**Supplied data**
______________________________
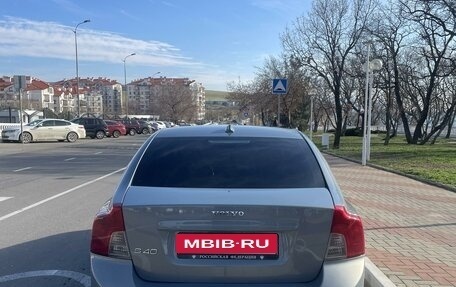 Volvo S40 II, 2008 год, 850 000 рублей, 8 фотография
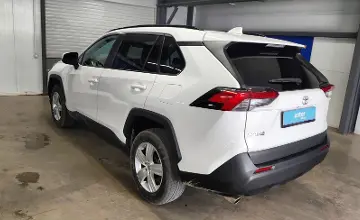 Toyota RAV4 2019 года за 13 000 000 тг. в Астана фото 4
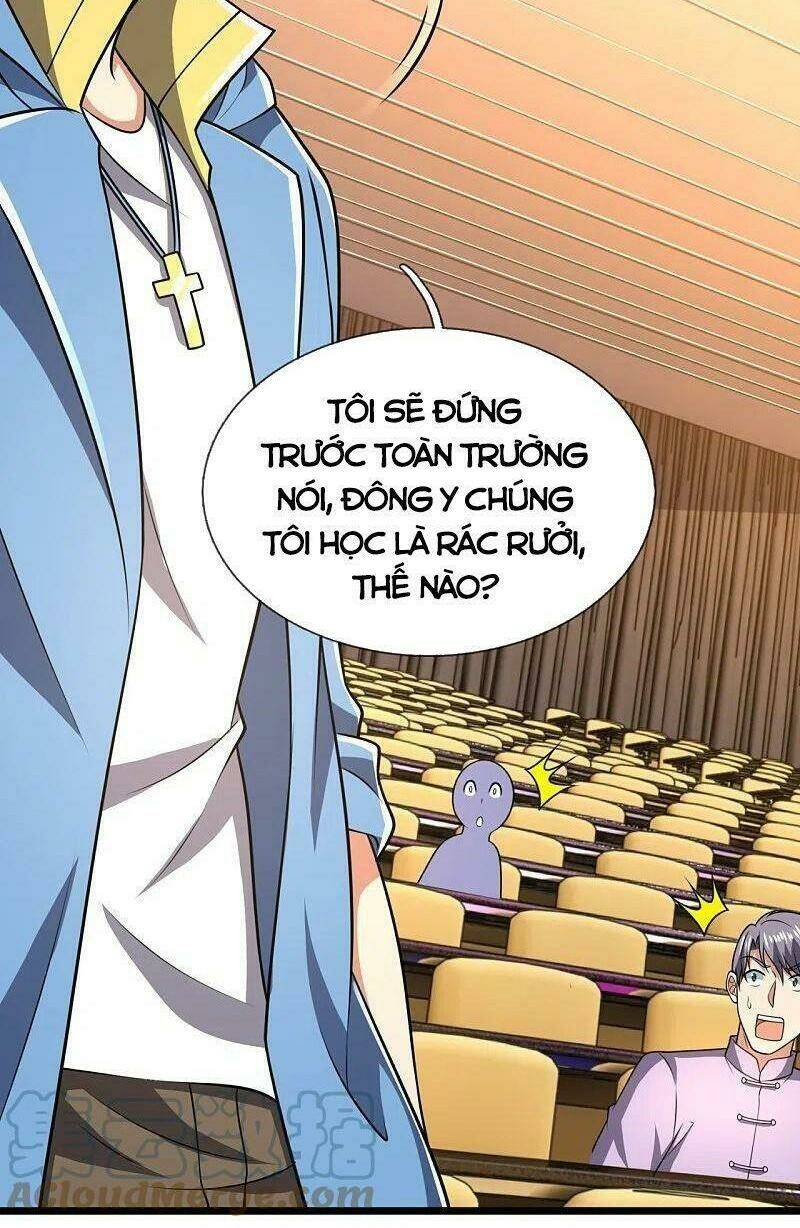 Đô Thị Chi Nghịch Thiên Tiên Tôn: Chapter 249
______________________________
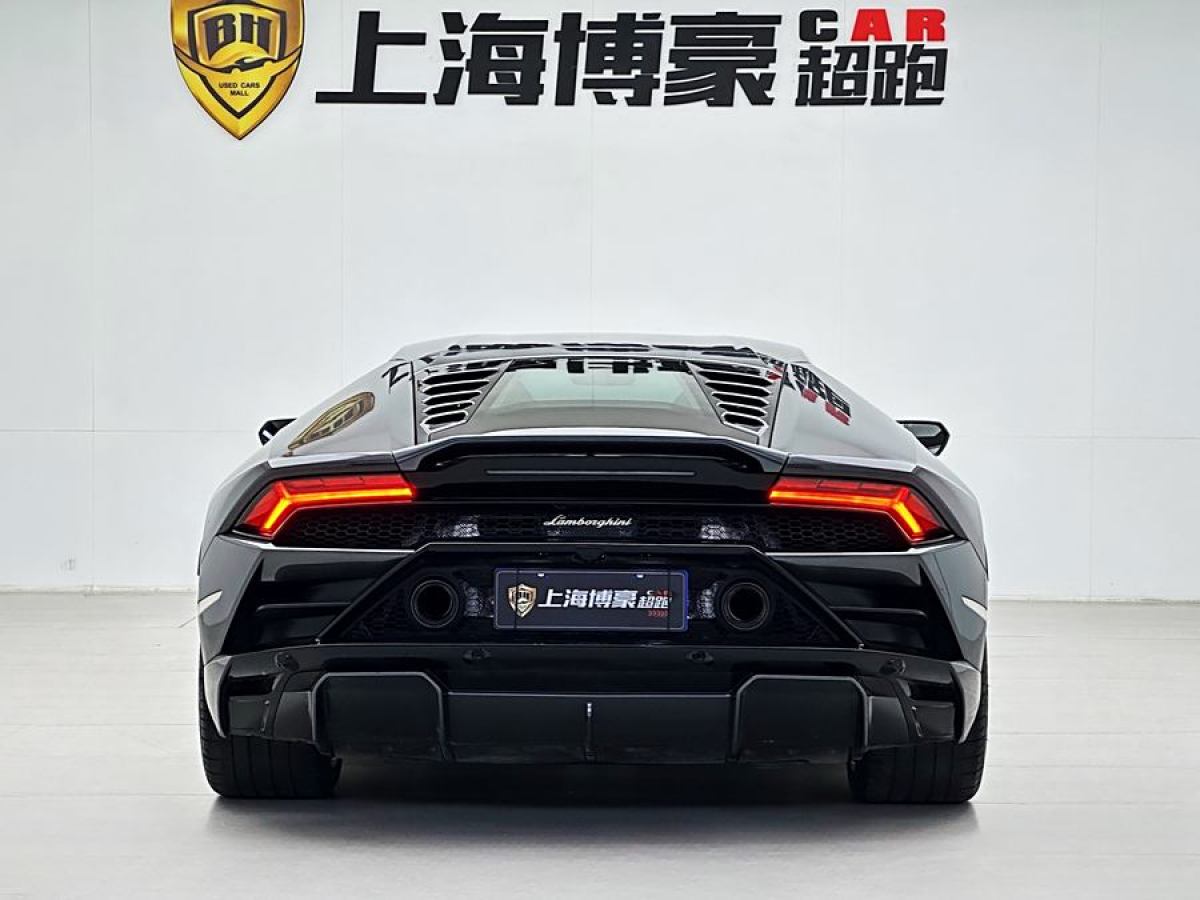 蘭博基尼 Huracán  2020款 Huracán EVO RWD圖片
______________________________
**Your task**
Nothing but the lines above, starting at the line that contains "Volvo S40 II, 2008" and ending at the line that contains "Đô Thị Chi Nghịch", should be given again, exactly and without the pictures.

**Answer to the exercise**
 Volvo S40 II, 2008 год, 850 000 рублей, 8 фотография
 Toyota RAV4 2019 года за 13 000 000 тг. в Астана фото 4
 Đô Thị Chi Nghịch Thiên Tiên Tôn: Chapter 249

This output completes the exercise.